WORK REQUIRED | Once the line with "BOXERCRAFT V03 Women’s" is reached, output it and every line after it, exactly, through the end of the records below. Pictures are skipped.

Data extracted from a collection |
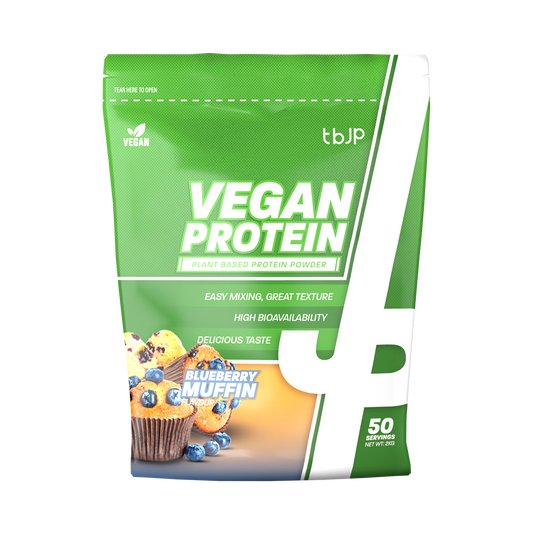 Trained By JP Vegan Protein 2kg Blueberry Muffin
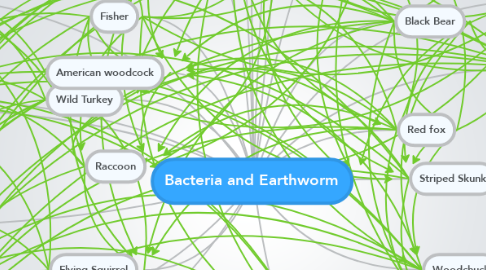 Mind Map: Bacteria and Earthworm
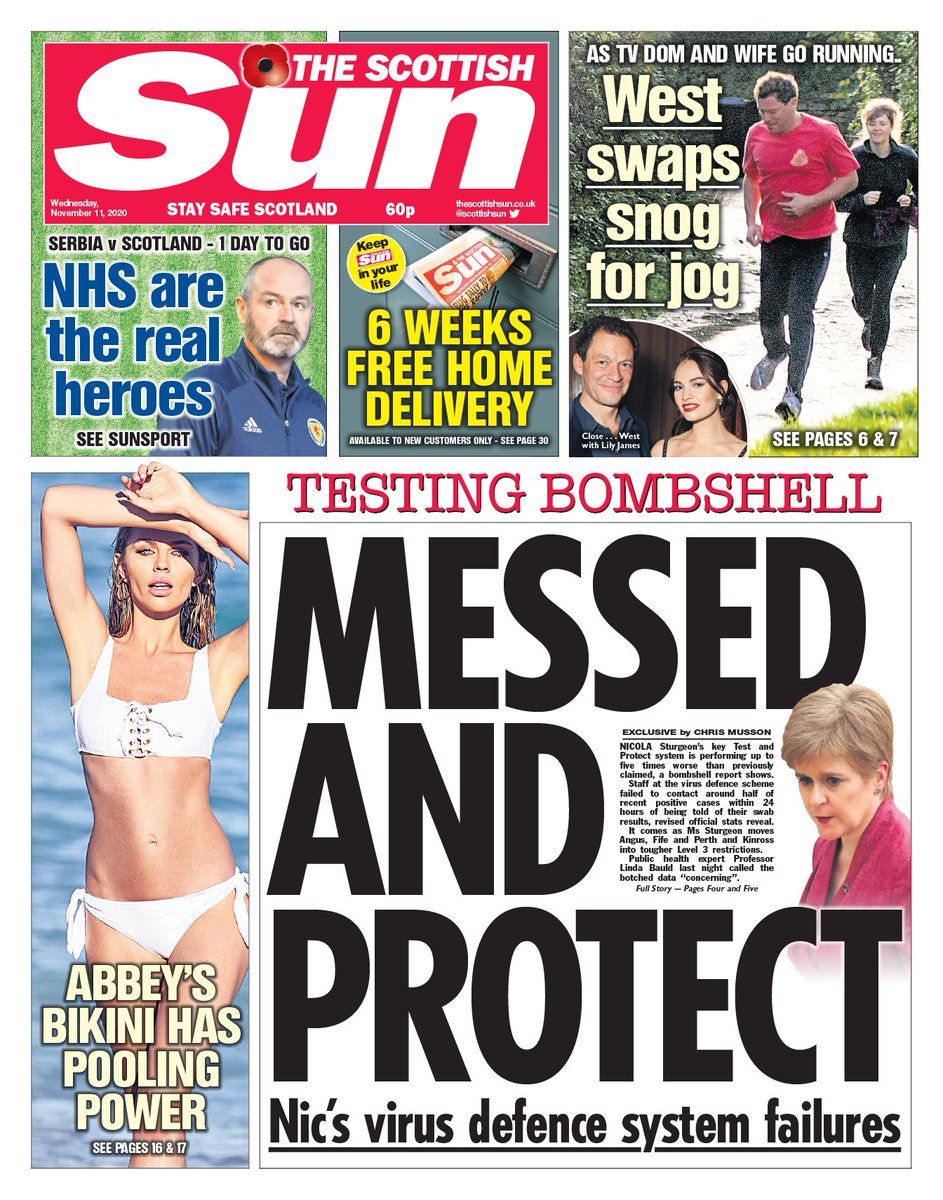 EXCL: Scotland's test and trace system - Test & Protect - is performing much worse than official data had claimed. Public Health Scotland botched its reporting, meaning official data the public has been fed for weeks was far rosier than the reality.   https://www.thescottishsun.co.uk/news/scottish-news/6266434/coronavirus-scotland-nicola-sturgeon-test-and-protect/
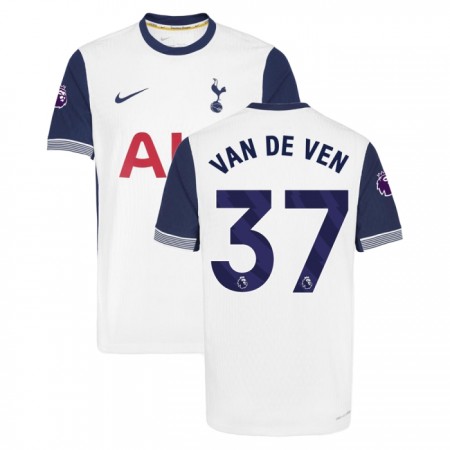 Virallinen pelipaita Tottenham Hotspur Van De Ven 37 Koti 2024-25 Lyhythihainen - Miesten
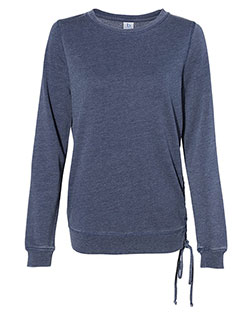 BOXERCRAFT V03 Women’s Enzyme-Washed Rally Lace-Up Sweatshirt at GotApparel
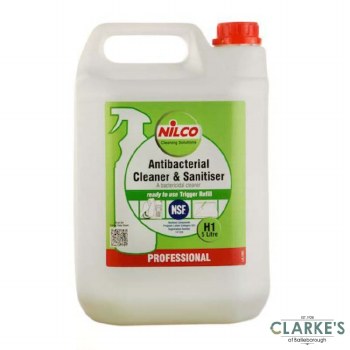 Nilco Antibacterial Cleaner and Sanitiser 5 Litre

ANSWER SECTION |
 BOXERCRAFT V03 Women’s Enzyme-Washed Rally Lace-Up Sweatshirt at GotApparel
 Nilco Antibacterial Cleaner and Sanitiser 5 Litre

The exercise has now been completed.